### Action item
What you return must match, exactly, the lines running from the one containing "雇用童工从事危重劳动行为涉嫌成立犯罪的应该判多长时间" to the end of the data, both included, and must contain no pictures.

(Short descriptive text snippets)
+ + + + +
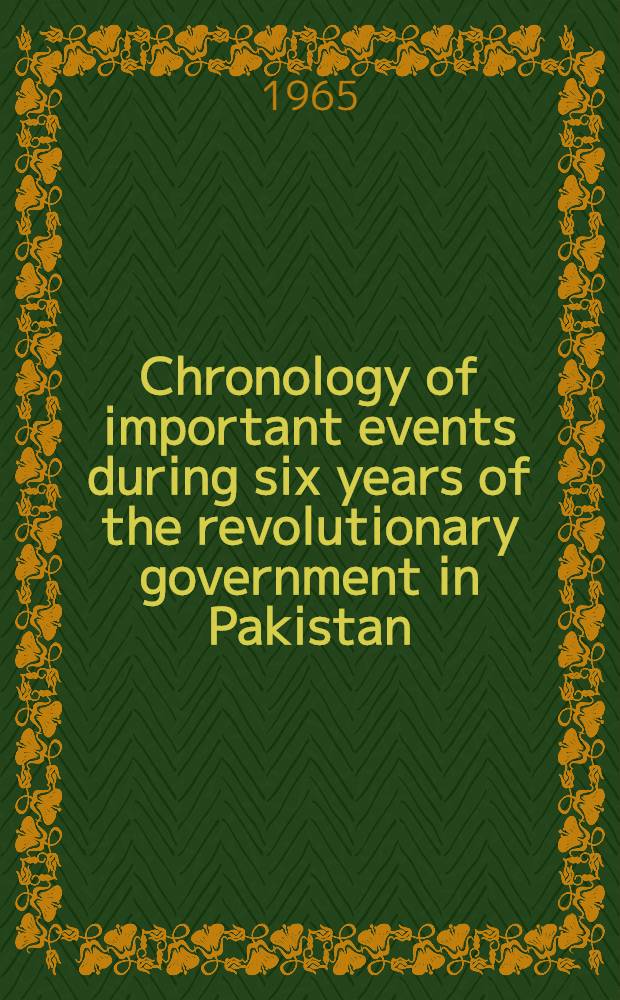 Chronology of important events during six years of the revolutionary government in Pakistan : Oct. 1958- June 1964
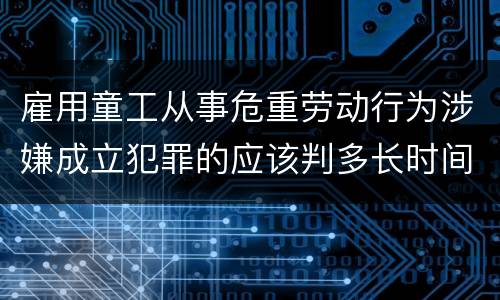 雇用童工从事危重劳动行为涉嫌成立犯罪的应该判多长时间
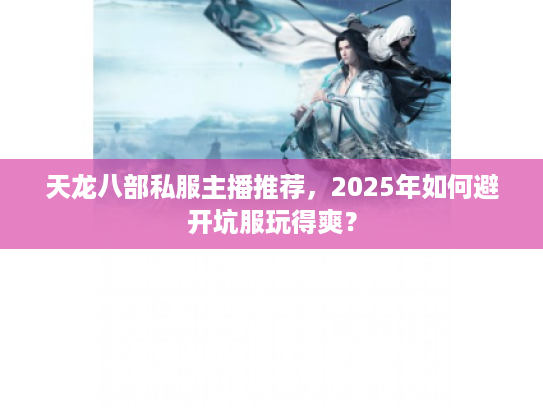 天龙八部私服主播推荐，2025年如何避开坑服玩得爽？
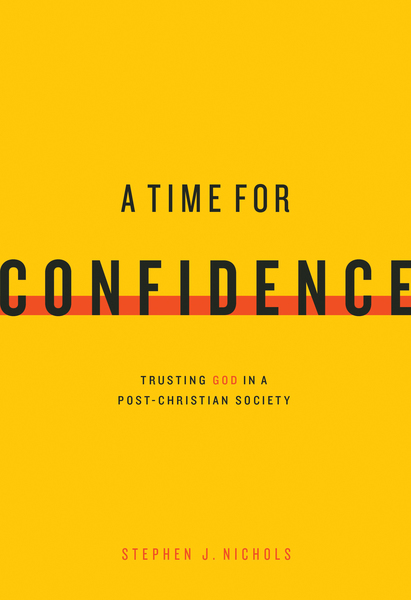 Time for Confidence: Trusting God in a Post-Christian Society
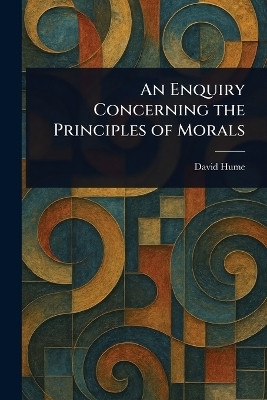 An Enquiry Concerning the Principles of Morals(English, Paperback, Hume David)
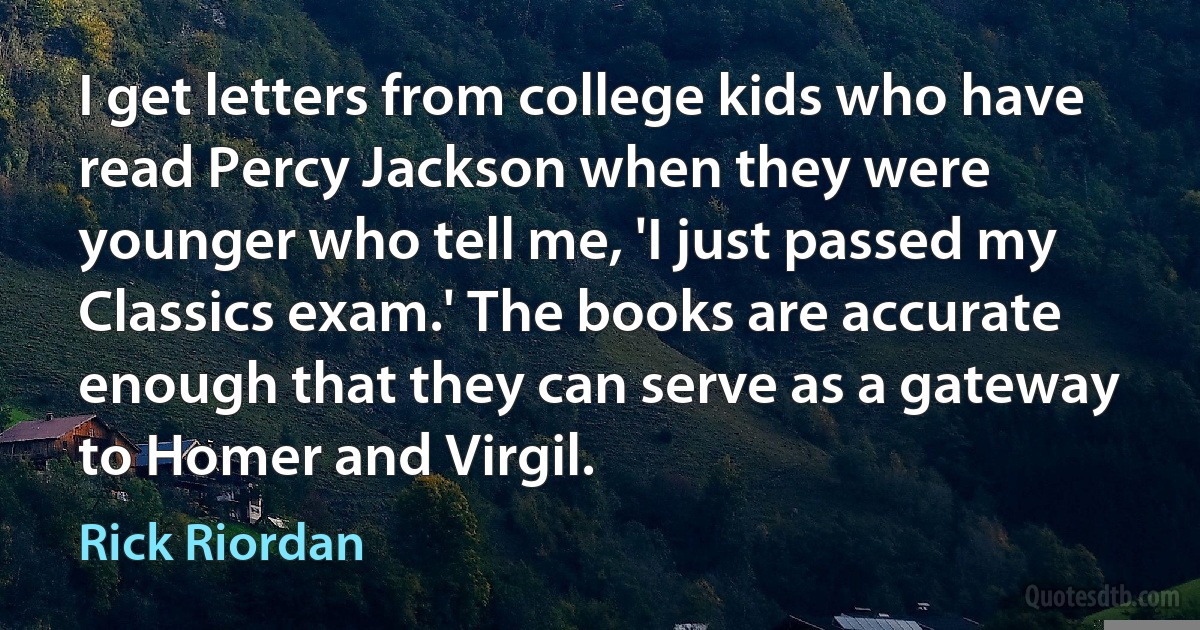 I get letters from college kids who have read Percy Jackson when they were younger who tell me, 'I just passed my Classics exam.' The books are accurate enough that they can serve as a gateway to Homer and Virgil. (Rick Riordan)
+ + + + +
### Written response
 雇用童工从事危重劳动行为涉嫌成立犯罪的应该判多长时间
 天龙八部私服主播推荐，2025年如何避开坑服玩得爽？
 Time for Confidence: Trusting God in a Post-Christian Society
 An Enquiry Concerning the Principles of Morals(English, Paperback, Hume David)
 I get letters from college kids who have read Percy Jackson when they were younger who tell me, 'I just passed my Classics exam.' The books are accurate enough that they can serve as a gateway to Homer and Virgil. (Rick Riordan)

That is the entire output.